2.4. Western Blot Analysis

HPDLCs were pretreated with nobiletin (25, 50, or 100 μM) for 1 hour before the stimulation with TNF (10 ng/ml) for 15, 30, or 60 min (analysis for the activation of signal transduction pathway) or 24 hours (analysis for the PTGS2, HMOX1, and NFE2L2 expression). Then, the cell supernatant was discarded and washed twice with cold phosphate-buffered saline (PBS). HPDLCs were lysed with cell lysis buffer (Cell Signaling Technology) including protease inhibitor cocktail (Sigma, St. Louis, MO, USA). Debris was removed by centrifugation at 15000 rpm for 10 min at 4°C, and the supernatants were collected.
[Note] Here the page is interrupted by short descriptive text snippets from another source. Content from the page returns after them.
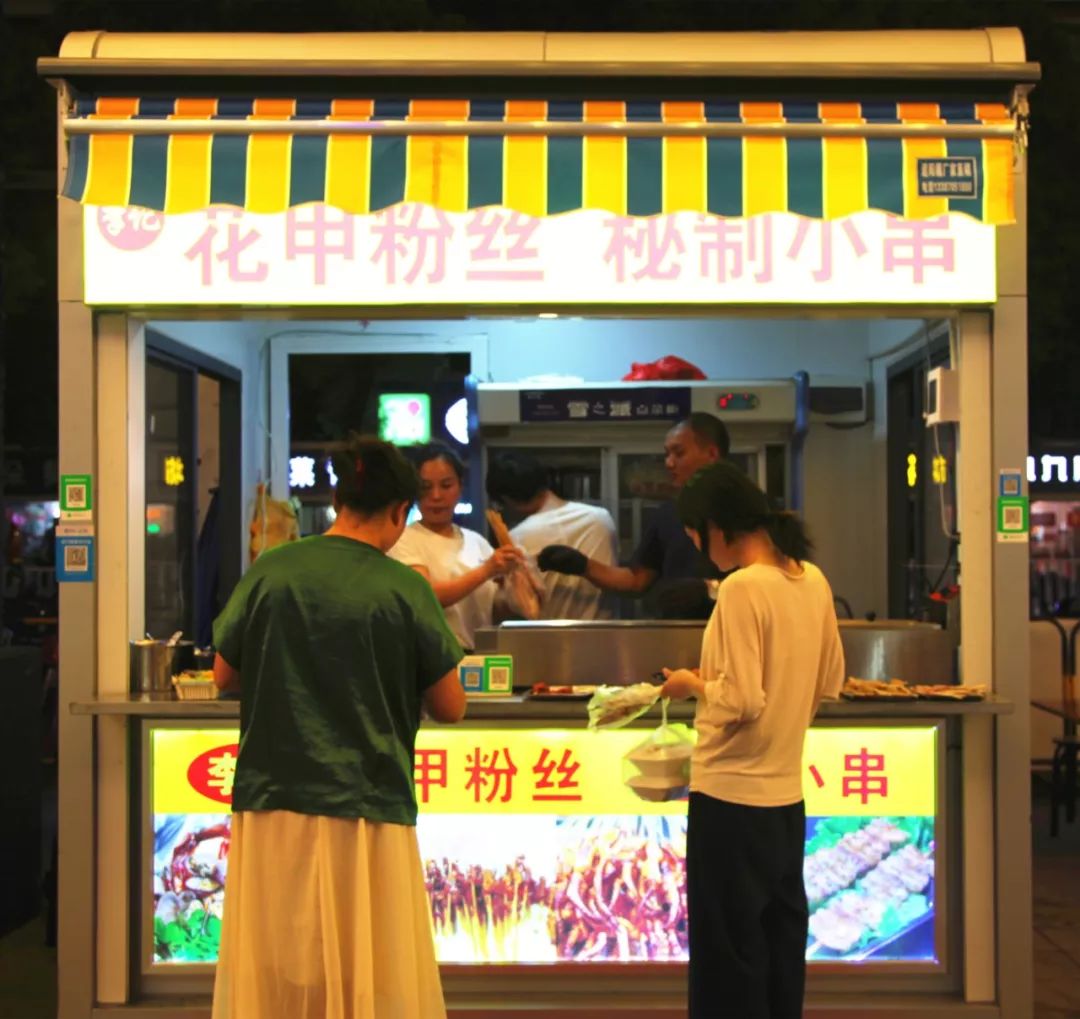 1花甲粉丝▽再吃份川北凉粉喝杯鲜榨果汁来份湛江生蚝我们去吃吃花甲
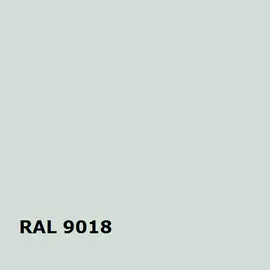 RAL 9018 | RAL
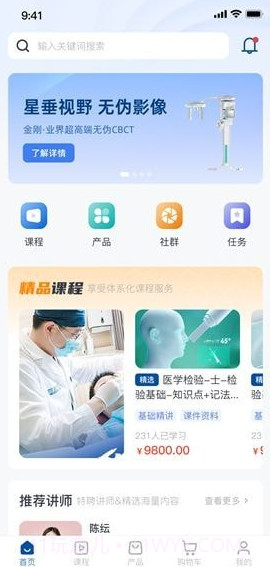 劢安医疗截图1 劢安医疗截图1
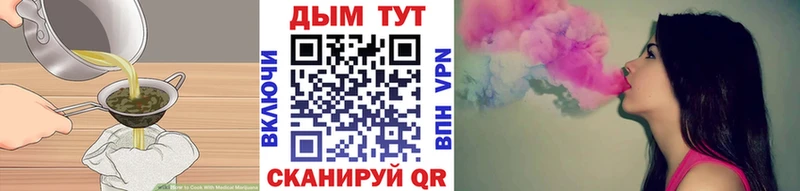 Cannafood конопля  Георгиевск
Equal amounts of protein were separated by sodium dodecyl sulfate-polyacrylamide gel electrophoresis (SDS-PAGE) and transferred to polyvinylidene difluoride (PVDF) membranes (Millipore, Bradford, USA). The membranes were blocked with 1% skim milk for 1 hour at room temperature. Then, the membranes were incubated with the following primary antibodies at 4°C overnight: phospho-MAPK14 (1 : 1000), phospho-MAPK1/MAPK3 (1 : 2000), phospho-MAPK8 (1 : 1000), phospho-IKK-α/β(1 : 1000), phospho-NF-κB p65 (1 : 1000), phosph-AKT1 (1 : 2000), MAPK14 (1 : 1000), MAPK1/MAPK3 (1 : 2000), MAPK8 (1 : 1000), IKK-α(1 : 1000), NF-κB p65 (1 : 1000), AKT1 (1 : 2000), PTGS2 (1 : 1000), HMOX1 (1 : 1000), NFE2L2 (1 : 1000), or GAPDH (1 : 8000). The membranes were washed with Tris-buffered saline including 0.1% Tween 20 (TBS-T) 3 times and exposed to horseradish peroxidase-conjugated secondary antibodies (Sigma) for 1 hour at room temperature. The membranes were washed with TBS-T 3 times, and the protein bands were visualized by the Enhanced Chemiluminescence (ECL) Plus Western blotting detection system (GE Healthcare, Uppsala, Sweden) according to the manufacturer's instructions. The experiments were repeated three times. The densities of bands of Western blot analysis were determined using ImageJ software (NIH, Bethesda, MD, USA).